Try a rubber mallet, a big one.

Also, sometimes you can find a pry point that isn't visible, like around the plenum area where the carb mounts.

Or, try a small flat blade screwdriver, gently tap it in around the front end to loosen that seal, then use a larger screwdriver or pry bar and slowly work that end loose. Once you get an end loose it should come right off pretty easily. Just need that first bit of leverage.

Jeff


----------



## BearGFR (Aug 25, 2008)

Instg8ter said:


> have a few lifters that appear stuck so i need to pull the intake and valley pan. when i installed gaskets i used a little copper tack on them and now they are sealed good, was wondering if a little acetone in the connection will loosen them up as my manifold is alum. Eddy and i dont want to scar heads or manifold trying to pry on it. Any other suggestions would be appreciated.... :confused


Take a wooden-handled hammer or a length of wooden 1" (or so) dowel rod. Come in from the front on the passenger side and insert it under the front water crossover between the crossover and the valley cover. Work the end of the "tool" as close as you can over to the edge of the valley cover where it meets the head, so you don't bend the cover, then lift up. Slow, steady pressure is the key.
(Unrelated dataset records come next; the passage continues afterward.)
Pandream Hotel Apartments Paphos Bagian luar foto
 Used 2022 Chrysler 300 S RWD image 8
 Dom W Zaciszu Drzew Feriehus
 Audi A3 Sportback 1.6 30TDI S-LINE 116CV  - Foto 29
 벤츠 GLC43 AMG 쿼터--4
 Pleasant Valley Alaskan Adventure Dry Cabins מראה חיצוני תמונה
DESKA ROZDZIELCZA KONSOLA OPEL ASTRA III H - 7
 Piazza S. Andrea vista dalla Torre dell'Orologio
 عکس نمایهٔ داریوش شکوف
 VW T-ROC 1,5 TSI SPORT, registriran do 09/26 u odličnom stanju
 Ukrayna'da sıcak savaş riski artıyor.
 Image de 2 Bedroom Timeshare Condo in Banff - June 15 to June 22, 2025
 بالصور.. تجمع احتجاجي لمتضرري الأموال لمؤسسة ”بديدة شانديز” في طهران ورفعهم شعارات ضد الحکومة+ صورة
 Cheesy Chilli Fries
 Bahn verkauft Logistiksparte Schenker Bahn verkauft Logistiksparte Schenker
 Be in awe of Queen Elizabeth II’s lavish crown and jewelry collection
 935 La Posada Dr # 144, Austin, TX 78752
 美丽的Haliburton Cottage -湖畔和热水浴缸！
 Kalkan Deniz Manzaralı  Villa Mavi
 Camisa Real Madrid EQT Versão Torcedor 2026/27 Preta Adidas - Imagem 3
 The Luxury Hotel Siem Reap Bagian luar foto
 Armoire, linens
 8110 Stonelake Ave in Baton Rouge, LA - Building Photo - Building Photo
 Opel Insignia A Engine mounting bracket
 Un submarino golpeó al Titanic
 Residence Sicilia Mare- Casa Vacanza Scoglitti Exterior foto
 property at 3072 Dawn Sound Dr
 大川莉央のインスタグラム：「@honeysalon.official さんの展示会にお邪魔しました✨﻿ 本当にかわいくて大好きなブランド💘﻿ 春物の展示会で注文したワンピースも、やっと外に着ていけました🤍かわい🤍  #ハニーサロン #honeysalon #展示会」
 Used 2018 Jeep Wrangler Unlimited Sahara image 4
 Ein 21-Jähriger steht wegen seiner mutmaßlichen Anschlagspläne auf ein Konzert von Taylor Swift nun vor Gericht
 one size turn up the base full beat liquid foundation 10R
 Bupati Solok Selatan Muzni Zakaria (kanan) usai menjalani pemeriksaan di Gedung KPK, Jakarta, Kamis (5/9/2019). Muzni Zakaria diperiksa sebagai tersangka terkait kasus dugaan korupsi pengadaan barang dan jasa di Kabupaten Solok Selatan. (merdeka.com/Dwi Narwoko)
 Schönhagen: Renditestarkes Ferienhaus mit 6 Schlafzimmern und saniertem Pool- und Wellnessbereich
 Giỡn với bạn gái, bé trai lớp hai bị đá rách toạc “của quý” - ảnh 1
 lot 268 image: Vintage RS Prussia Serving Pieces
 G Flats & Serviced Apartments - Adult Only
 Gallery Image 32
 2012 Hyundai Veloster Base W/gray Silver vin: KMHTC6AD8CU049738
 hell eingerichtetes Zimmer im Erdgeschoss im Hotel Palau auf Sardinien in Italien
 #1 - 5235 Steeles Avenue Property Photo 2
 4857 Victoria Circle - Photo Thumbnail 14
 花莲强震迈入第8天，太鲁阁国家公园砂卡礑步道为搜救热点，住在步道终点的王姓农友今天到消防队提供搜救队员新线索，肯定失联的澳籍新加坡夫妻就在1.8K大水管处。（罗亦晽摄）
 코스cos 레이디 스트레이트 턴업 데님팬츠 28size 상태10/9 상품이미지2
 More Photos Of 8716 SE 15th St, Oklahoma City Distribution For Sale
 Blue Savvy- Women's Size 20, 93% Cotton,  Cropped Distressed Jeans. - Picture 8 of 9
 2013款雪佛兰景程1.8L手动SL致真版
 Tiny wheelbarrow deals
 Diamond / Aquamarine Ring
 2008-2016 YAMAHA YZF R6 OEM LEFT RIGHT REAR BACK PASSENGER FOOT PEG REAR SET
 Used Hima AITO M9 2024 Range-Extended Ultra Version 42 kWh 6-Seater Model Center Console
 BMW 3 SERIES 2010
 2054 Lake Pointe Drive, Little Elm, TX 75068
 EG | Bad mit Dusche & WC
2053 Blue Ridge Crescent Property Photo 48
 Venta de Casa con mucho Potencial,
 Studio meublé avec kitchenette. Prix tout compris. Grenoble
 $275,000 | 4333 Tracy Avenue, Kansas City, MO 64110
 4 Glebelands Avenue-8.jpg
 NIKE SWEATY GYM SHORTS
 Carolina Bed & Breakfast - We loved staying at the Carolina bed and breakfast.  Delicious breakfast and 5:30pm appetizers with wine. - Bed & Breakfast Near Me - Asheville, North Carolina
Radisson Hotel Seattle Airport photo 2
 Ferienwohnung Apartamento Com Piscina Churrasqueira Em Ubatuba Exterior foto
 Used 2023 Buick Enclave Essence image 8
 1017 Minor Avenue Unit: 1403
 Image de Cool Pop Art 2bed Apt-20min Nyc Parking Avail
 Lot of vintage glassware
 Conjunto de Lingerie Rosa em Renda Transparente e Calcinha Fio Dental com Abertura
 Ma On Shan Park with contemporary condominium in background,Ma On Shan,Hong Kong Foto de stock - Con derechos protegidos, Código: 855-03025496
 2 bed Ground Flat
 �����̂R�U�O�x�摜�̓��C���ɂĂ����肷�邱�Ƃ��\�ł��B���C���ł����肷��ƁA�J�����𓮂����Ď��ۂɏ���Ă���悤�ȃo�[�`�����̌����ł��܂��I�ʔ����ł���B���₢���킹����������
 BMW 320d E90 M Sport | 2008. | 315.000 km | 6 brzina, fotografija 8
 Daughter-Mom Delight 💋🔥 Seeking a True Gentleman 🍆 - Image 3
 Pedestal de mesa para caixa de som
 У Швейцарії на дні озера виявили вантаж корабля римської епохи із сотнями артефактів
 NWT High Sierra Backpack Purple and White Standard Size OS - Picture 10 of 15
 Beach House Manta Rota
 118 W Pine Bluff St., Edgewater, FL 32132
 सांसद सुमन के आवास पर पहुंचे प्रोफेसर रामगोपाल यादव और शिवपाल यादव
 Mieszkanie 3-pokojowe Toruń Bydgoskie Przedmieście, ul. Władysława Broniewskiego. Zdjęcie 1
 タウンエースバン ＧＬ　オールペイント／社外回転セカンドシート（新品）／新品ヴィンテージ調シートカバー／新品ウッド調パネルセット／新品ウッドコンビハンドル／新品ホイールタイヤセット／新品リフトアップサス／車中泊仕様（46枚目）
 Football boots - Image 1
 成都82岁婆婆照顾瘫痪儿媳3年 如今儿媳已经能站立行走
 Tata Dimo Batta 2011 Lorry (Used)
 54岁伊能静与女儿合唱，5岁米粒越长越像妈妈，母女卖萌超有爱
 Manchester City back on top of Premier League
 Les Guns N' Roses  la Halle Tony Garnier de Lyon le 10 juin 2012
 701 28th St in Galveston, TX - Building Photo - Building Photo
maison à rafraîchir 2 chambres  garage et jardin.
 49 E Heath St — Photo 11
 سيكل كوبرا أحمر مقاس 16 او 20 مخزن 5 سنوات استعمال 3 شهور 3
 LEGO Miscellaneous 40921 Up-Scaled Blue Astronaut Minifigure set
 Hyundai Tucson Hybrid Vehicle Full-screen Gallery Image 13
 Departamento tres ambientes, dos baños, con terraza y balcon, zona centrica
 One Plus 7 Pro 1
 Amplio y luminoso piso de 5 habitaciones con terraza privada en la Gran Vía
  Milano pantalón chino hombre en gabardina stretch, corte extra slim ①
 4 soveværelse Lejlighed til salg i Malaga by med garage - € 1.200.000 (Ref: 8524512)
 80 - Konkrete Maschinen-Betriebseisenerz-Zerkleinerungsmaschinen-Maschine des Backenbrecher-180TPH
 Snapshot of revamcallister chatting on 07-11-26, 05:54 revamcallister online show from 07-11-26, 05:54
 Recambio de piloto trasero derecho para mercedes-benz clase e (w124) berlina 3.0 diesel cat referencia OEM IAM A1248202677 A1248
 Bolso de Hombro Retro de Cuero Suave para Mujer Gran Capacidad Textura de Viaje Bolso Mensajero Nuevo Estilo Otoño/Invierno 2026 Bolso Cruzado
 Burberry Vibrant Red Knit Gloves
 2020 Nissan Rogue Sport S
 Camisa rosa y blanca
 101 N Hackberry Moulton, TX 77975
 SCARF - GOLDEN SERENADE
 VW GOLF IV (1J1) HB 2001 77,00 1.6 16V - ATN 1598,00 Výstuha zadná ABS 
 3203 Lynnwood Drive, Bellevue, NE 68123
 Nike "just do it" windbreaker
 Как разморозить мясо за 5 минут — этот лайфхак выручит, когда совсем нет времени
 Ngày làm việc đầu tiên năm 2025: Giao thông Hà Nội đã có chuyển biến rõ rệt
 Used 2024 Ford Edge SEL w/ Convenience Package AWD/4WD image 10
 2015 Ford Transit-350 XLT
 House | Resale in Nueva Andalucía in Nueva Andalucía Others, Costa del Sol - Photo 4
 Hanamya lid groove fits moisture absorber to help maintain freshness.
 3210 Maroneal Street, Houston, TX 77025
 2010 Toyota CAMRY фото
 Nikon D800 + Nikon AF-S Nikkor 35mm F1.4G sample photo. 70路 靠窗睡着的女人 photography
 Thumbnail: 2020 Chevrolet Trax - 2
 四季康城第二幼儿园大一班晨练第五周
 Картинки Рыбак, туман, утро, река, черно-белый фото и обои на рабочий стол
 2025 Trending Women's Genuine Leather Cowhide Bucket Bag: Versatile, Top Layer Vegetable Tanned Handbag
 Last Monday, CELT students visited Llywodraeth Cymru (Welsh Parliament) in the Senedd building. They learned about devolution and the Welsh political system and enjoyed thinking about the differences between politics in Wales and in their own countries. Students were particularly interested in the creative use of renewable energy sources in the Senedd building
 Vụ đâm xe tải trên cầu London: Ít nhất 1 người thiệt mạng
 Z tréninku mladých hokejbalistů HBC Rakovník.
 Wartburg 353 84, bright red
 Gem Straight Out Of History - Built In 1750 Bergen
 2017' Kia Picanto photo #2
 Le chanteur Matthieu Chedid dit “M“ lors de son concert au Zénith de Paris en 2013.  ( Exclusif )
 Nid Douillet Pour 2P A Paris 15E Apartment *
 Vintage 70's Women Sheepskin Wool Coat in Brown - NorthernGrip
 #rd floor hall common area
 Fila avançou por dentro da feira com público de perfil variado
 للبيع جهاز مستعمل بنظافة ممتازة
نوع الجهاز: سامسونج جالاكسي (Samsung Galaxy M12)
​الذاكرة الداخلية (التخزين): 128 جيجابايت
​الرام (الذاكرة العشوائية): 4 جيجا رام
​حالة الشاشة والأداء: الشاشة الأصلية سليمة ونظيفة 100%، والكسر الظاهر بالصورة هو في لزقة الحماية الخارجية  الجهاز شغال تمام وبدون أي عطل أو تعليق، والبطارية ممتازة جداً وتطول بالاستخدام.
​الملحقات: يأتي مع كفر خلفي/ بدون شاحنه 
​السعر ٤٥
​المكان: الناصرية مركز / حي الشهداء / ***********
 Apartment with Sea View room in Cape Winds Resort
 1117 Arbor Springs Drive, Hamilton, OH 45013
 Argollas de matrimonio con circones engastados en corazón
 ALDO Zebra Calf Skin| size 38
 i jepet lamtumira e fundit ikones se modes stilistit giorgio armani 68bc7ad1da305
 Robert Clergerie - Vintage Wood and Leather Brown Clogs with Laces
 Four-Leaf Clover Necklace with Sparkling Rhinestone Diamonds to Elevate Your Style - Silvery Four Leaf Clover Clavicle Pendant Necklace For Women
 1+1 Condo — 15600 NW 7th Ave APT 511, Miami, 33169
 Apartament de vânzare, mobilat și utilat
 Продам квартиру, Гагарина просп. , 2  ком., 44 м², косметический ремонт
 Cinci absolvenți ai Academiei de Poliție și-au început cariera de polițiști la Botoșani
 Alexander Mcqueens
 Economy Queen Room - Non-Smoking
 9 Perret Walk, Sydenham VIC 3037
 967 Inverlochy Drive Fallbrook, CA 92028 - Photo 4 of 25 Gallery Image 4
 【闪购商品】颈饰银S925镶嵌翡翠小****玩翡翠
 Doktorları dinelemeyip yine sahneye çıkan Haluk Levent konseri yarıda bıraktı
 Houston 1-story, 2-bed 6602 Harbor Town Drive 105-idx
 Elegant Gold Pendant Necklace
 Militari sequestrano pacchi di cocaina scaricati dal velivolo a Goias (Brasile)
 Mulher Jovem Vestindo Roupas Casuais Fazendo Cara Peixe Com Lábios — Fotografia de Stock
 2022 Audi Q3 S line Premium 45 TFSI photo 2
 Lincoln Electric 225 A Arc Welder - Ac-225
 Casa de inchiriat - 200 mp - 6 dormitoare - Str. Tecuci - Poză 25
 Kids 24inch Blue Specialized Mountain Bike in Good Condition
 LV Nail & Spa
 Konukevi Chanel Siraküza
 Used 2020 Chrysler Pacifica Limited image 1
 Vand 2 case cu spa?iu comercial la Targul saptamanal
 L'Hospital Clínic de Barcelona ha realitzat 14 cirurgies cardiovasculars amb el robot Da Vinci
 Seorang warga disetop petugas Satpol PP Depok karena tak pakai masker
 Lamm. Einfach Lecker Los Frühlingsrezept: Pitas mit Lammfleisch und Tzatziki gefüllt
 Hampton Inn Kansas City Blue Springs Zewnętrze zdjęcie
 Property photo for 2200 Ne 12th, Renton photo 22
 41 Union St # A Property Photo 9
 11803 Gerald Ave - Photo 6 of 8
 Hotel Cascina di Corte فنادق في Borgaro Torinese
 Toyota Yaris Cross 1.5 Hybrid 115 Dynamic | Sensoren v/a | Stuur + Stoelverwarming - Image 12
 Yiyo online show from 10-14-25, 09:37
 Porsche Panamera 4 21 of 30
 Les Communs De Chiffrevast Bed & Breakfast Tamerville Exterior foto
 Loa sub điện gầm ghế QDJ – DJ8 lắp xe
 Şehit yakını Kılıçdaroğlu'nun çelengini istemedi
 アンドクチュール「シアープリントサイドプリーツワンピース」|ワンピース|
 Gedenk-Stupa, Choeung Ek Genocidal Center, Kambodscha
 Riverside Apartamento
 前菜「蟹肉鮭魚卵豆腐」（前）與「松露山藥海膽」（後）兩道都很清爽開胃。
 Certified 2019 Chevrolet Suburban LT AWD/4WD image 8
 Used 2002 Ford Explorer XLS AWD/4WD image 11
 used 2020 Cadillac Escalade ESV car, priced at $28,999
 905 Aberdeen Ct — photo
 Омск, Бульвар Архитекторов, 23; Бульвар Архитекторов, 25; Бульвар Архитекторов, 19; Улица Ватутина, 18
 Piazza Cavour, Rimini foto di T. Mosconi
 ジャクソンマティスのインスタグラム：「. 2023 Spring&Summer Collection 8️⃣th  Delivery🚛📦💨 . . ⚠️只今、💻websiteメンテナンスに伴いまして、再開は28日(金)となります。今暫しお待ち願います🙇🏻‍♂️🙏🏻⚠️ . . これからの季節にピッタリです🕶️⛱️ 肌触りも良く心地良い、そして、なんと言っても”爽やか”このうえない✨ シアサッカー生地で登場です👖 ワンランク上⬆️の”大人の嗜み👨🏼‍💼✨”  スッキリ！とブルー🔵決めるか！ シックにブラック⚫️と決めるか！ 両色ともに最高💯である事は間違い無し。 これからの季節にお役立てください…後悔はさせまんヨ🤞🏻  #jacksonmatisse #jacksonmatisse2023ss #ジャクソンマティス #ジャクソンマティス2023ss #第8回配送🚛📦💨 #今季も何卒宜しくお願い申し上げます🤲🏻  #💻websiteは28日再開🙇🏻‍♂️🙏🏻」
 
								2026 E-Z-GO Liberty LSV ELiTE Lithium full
Gaskets tend to "give up" slowly.

Bear


----------



## Instg8ter (Sep 28, 2010)

thats what i did Bear, went under with long beaker bar and got a leverage point on the edge of the valley pan and gave it a little whack with the rubber mallet and it popped. think i will have to clearance the pushrod holes for the 1:65 rockers, whats the best method as some are 4" long bores, just oval out the ends? l also wanted to ask what Mr. P-bodies method was for setting lash w/o soaking the new lifters, was looking back for that post but could not find it.....:confused


----------



## BearGFR (Aug 25, 2008)

Instg8ter said:


> thats what i did Bear, went under with long beaker bar and got a leverage point on the edge of the valley pan and gave it a little whack with the rubber mallet and it popped. think i will have to clearance the pushrod holes for the 1:65 rockers, whats the best method as some are 4" long bores, just oval out the ends? l also wanted to ask what Mr. P-bodies method was for setting lash w/o soaking the new lifters, was looking back for that post but could not find it.....:confused


I know Eastwood and probably others sell a "head porting kit" that includes abrasive rolls and a long mandrel for reaching "deep".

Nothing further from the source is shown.